United States District Court, S.D. Mississippi, Northern Division
Apr 12, 2022
598 F. Supp. 3d 478 (S.D. Miss. 2022)

Opinion

CAUSE NO. 3:20-CV-00729-CWR-LGI

2022-04-12

UNITED STATES of America, Plaintiff Arienne Jones, Deric Jones, Herschel Williams, and Tanshenetta Veals, Plaintiff-Intervenors v. SSM PROPERTIES, LLC, Steven Maulding, Sr., James Roe, and Sheila Maulding, Defendants

Max Patrick Lapertosa-Federal Gov., Katherine Raimondo-Federal Gov., U.S. Department of Justice, Washington, DC, Mitzi Dease Paige-Federal Gov., U.S. Attorney's Office, Jackson, MS, for Plaintiff. Cashauna Hill, Pro Hac Vice, New Orleans, LA Peter Theis-Federal Gov., Hill, Pro Hac Vice, New Orleans, LA Joseph Reilly Morse, Biloxi, MS Robert B. McDuff, The Law Office of Robert McDuff, Jackson, MS, for Plaintiff-Intervenors. Deshun T. Martin, Vaterria McQuitter Martin, Martin and Martin, PA, Jackson, MS, Joe S. Deaton, III, Deaton & Berry, PA, Flowood, MS, for Defendants. James Roe, Jackson, MS, Pro Se.


Max Patrick Lapertosa-Federal Gov., Katherine Raimondo-Federal Gov., U.S. Department of Justice, Washington, DC, Mitzi Dease Paige-Federal Gov., U.S. Attorney's Office, Jackson, MS, for Plaintiff.

Cashauna Hill, Pro Hac Vice, New Orleans, LA Peter Theis-Federal Gov., Hill, Pro Hac Vice, New Orleans, LA Joseph Reilly Morse, Biloxi, MS Robert B. McDuff, The Law Office of Robert McDuff, Jackson, MS, for Plaintiff-Intervenors.

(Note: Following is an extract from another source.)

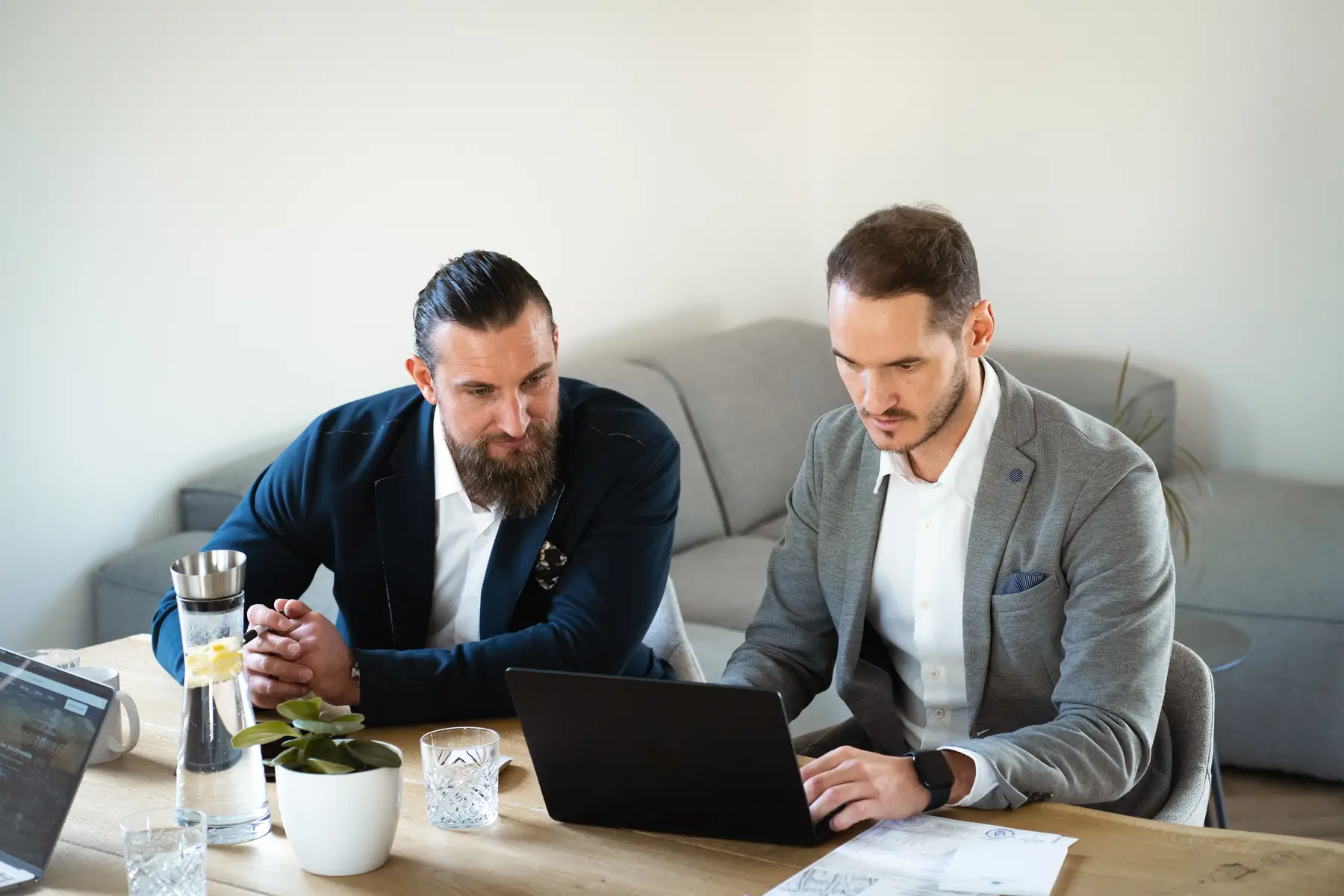 Chris Reinersmann und Sven Najemnik, die Immobilienmakler von Ruhr Casa in Essen, bei der Arbeit am Laptop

Deshun T. Martin, Vaterria McQuitter Martin, Martin and Martin, PA, Jackson, MS, Joe S. Deaton, III, Deaton & Berry, PA, Flowood, MS, for Defendants.

James Roe, Jackson, MS, Pro Se.

ORDER

Carlton W. Reeves, UNITED STATES DISTRICT JUDGE Before the Court is defendants’ Stephen Maulding, Sr. (captioned incorrectly as Steven Maulding, Sr.), Sheila Maulding, and SSM Properties, LLC's motion for summary judgment. Docket No. 73. On review, the motion will be denied.

I. Factual and Procedural History

Defendants Stephen Maulding, Sr. and Sheila Maulding own SSM Properties, LLC, which operates Oak Manor Apartments, Pearl Manor Apartments, and 468 Place Townhomes. The government alleges that the Mauldings, operating through their co-defendant James Roe, violated the Fair Housing Act (FHA). Plaintiff-intervenors Arienne Jones, Deric Jones, Herschel Williams, and Tanshenetta Veals, are all Black testers for the Louisiana Fair Housing Action Center (LaFHAC), and "aggrieved persons" as defined by the FHA.

The following allegations are drawn from the government and plaintiff-intervenors’ complaints and the parties’ summary judgment briefing.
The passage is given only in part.